The association released an official statement about the furor surrounding Cain on Monday saying, “The incidents in question relate to personnel matters that allegedly took place nearly 15 years ago. Consistent with our long-standing policy, we don’t comment on personnel issues relating to current or former employees.”
Association board members told Politico Monday that the group should stand up for Cain and not offer more comment on the story. “I think they should stay out of it,” said Burton Sack, who chaired the association’s board in 2004 and 2005.
The association went into crisis management mode when it found out about the Politico story several weeks ago, the news service states. It is in a difficult position where it can’t say much, crisis management and public relations officials told Politico.
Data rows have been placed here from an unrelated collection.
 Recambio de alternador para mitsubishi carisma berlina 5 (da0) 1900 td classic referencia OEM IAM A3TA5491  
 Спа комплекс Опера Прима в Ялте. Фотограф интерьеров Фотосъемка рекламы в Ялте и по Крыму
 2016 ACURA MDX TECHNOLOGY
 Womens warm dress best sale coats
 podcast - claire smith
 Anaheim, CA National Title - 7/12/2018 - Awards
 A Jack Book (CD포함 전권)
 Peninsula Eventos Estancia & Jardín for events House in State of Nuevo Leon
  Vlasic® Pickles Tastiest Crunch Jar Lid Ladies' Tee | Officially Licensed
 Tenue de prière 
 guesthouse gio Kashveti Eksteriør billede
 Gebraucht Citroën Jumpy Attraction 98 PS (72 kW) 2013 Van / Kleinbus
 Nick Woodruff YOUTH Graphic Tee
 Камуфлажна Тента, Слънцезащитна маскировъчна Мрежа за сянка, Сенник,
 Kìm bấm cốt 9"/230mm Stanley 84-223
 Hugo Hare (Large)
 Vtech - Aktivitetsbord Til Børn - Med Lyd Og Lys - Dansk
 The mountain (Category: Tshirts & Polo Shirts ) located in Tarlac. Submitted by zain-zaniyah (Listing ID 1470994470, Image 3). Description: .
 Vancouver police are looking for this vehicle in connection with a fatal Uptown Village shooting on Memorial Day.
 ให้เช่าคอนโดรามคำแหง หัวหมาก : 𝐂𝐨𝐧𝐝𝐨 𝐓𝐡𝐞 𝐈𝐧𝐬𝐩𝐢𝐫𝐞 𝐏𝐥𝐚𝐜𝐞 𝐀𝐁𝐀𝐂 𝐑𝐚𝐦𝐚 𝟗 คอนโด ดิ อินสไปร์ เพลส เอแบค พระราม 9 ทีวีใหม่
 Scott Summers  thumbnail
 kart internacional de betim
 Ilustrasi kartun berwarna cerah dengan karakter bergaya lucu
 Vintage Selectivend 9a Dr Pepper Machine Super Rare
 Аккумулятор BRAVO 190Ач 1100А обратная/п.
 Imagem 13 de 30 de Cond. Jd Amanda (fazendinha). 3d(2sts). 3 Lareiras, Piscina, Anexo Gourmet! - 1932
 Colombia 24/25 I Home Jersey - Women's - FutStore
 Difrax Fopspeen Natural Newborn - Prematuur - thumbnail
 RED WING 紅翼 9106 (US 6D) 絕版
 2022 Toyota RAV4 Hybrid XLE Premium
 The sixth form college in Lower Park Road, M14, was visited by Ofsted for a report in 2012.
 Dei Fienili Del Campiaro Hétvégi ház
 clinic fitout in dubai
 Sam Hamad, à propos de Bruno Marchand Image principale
“If only for legal reasons, they can’t be talking about personnel issues,” said Jim Manley of Quinn Gillespie & Associates.
Crisis communications specialist Marina Ein said that, although Cain needs to clear the air, “the association has a responsibility to protect everybody who works there. That’s their first responsibility.”
The tumult over Cain won’t do much to help the association with its members, Galen Reser, former head of PepsiCo’s Washington operation, told Politico. “Companies aren’t going to want to take on the baggage of the trade association,” he said.
“Companies expect their trade associations to conduct themselves, when it comes to personnel matters, with the highest degree of integrity.”
The fundamental message from company members to trade associations in events like these is “you better handle this,” Reser said. “Fix this fast and deal with it, because we don’t want it on our doorstep.”